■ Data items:
#####

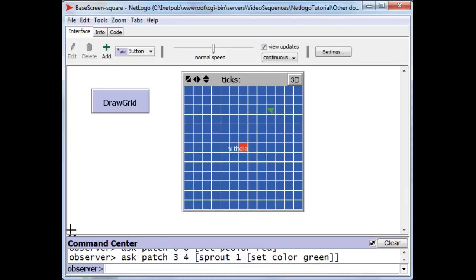And there, here's the center, 1, 2, 3, 1, 2, 3, 4, there's a patch at x position 3, y position 4, and there's the turtle positioned right there, its center point is the center of that patch.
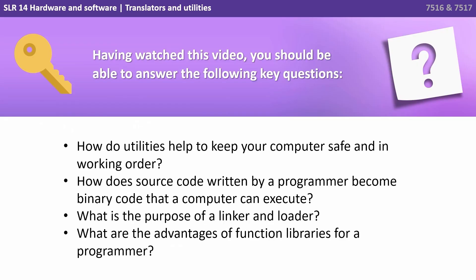Having watched this video, you should be able to answer the following key questions. How do utilities help to keep your computers safe and in working order? How does source code written by a programmer become binary code that a computer can execute? What's the purpose of a linker and loader? And what are the advantages of function libraries for a programmer?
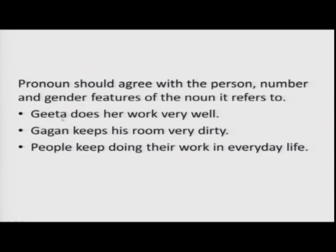Look at examples. 'Geeta does her work very well' — Geeta is the referent, 'her' is the pronoun, third person singular feminine. 'Gagan keeps his room very dirty' — Gagan is the referent, 'his' is the pronoun, third person singular masculine. 'People keep doing their work in everyday life' — 'people' and 'their': they is third person plural and can refer to masculine, feminine, or both.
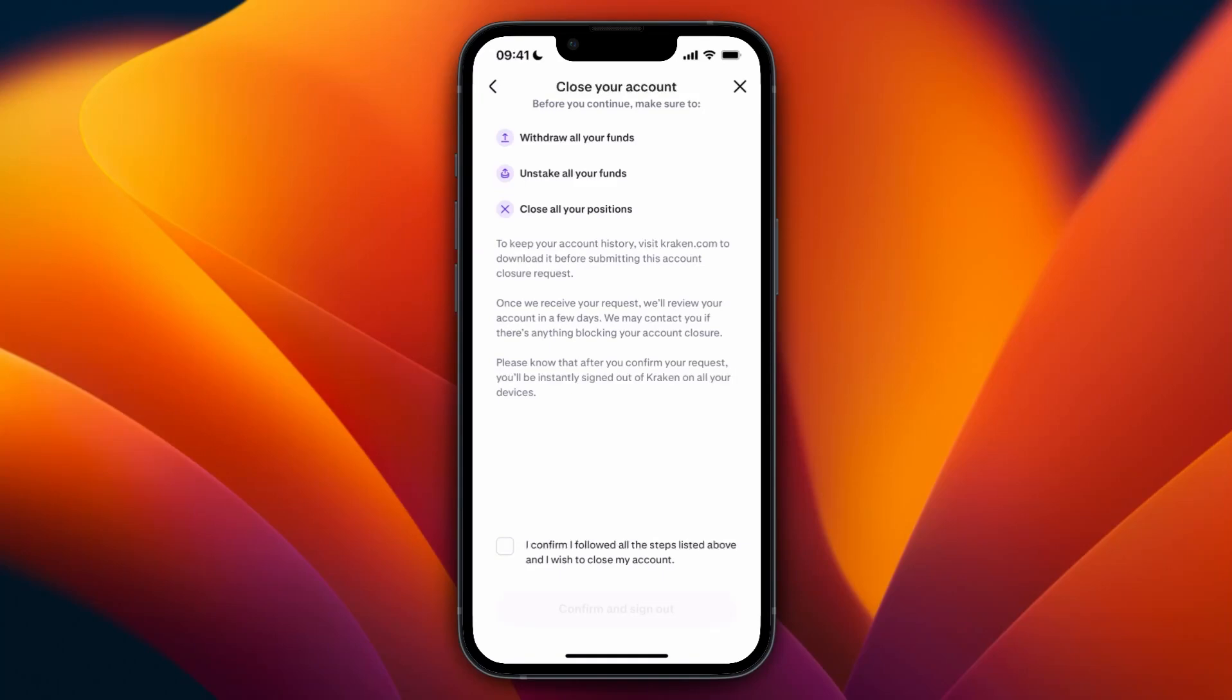need to withdraw all your funds, unstake all your funds, and close all your positions. So after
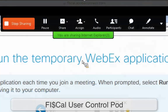When sharing your screen, you do have a control pod with several button selections. You can stop screen share, pause the screen share, share another application, assign, audio preferences, view participants, chat, or take annotation notes.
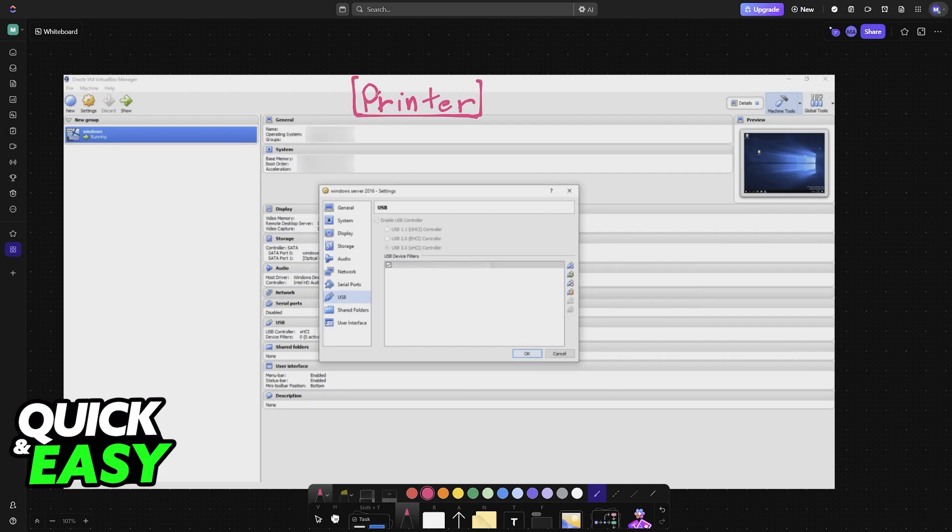To manage the devices and connect your printer, choose the particular virtual machine you'd like to manage, then select Settings at the top.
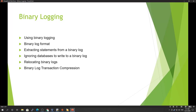Hi guys, welcome to another tutorial on database administration. Today we will be talking about binary logging. This is a very essential and key topic in MySQL database administration.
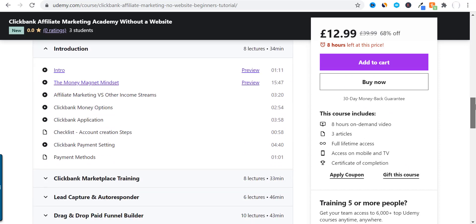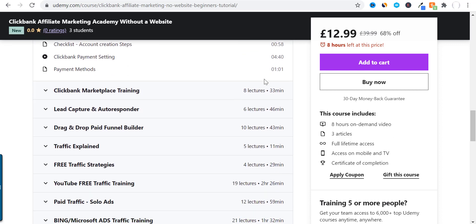If you scroll down more, you could see the videos that I have covered in my course. So you could see the introduction, then Clickbank marketplace training. It also gives you the time, how many lectures and how many minutes — lead capture page and autoresponder: six lectures, 46 minutes; drag and drop paid funnel builder: 10 lectures, 43 minutes; traffic explained: five lectures, 11 minutes; free traffic strategies: four lectures, 29 minutes; and so on. You could see the total is eight hours of on-demand video with three articles. So you could purchase my course right now.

#####

■ Directions:
After removing the pictures, repeat the remaining records exactly.

■ Exercise answer:
And there, here's the center, 1, 2, 3, 1, 2, 3, 4, there's a patch at x position 3, y position 4, and there's the turtle positioned right there, its center point is the center of that patch.
Having watched this video, you should be able to answer the following key questions. How do utilities help to keep your computers safe and in working order? How does source code written by a programmer become binary code that a computer can execute? What's the purpose of a linker and loader? And what are the advantages of function libraries for a programmer?
Look at examples. 'Geeta does her work very well' — Geeta is the referent, 'her' is the pronoun, third person singular feminine. 'Gagan keeps his room very dirty' — Gagan is the referent, 'his' is the pronoun, third person singular masculine. 'People keep doing their work in everyday life' — 'people' and 'their': they is third person plural and can refer to masculine, feminine, or both.
need to withdraw all your funds, unstake all your funds, and close all your positions. So after
When sharing your screen, you do have a control pod with several button selections. You can stop screen share, pause the screen share, share another application, assign, audio preferences, view participants, chat, or take annotation notes.
To manage the devices and connect your printer, choose the particular virtual machine you'd like to manage, then select Settings at the top.
Hi guys, welcome to another tutorial on database administration. Today we will be talking about binary logging. This is a very essential and key topic in MySQL database administration.
If you scroll down more, you could see the videos that I have covered in my course. So you could see the introduction, then Clickbank marketplace training. It also gives you the time, how many lectures and how many minutes — lead capture page and autoresponder: six lectures, 46 minutes; drag and drop paid funnel builder: 10 lectures, 43 minutes; traffic explained: five lectures, 11 minutes; free traffic strategies: four lectures, 29 minutes; and so on. You could see the total is eight hours of on-demand video with three articles. So you could purchase my course right now.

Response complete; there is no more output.